[Extracted records — start]
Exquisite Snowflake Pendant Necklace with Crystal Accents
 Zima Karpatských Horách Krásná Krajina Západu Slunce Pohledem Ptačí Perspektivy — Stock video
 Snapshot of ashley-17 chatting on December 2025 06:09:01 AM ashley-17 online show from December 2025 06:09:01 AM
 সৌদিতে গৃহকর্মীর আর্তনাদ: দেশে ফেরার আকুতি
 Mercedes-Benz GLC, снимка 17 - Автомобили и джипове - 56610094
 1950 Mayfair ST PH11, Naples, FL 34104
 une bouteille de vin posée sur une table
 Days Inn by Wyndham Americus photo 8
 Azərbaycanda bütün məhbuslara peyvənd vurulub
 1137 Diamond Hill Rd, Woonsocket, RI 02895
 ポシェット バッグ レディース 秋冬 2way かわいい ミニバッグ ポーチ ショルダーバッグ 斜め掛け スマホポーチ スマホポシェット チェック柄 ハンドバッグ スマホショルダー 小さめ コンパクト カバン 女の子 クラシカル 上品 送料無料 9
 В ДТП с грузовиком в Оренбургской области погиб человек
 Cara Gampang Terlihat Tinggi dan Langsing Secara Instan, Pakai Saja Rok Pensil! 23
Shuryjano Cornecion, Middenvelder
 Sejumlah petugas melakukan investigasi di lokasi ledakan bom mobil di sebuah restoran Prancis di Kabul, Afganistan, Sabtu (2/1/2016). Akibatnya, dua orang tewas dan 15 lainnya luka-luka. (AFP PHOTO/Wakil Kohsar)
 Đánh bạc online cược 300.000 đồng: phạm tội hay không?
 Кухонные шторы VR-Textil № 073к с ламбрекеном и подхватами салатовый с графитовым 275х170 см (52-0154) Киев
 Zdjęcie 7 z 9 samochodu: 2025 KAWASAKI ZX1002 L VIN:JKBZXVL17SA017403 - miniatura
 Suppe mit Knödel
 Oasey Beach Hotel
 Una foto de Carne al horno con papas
[Extracted records — finish]
What is expected: Considering only the material above, set down every line from the one with "В ДТП с грузовиком" to the one with "Кухонные шторы VR-Textil", inclusive, exactly as written.

Reply:
 В ДТП с грузовиком в Оренбургской области погиб человек
 Cara Gampang Terlihat Tinggi dan Langsing Secara Instan, Pakai Saja Rok Pensil! 23
Shuryjano Cornecion, Middenvelder
 Sejumlah petugas melakukan investigasi di lokasi ledakan bom mobil di sebuah restoran Prancis di Kabul, Afganistan, Sabtu (2/1/2016). Akibatnya, dua orang tewas dan 15 lainnya luka-luka. (AFP PHOTO/Wakil Kohsar)
 Đánh bạc online cược 300.000 đồng: phạm tội hay không?
 Кухонные шторы VR-Textil № 073к с ламбрекеном и подхватами салатовый с графитовым 275х170 см (52-0154) Киев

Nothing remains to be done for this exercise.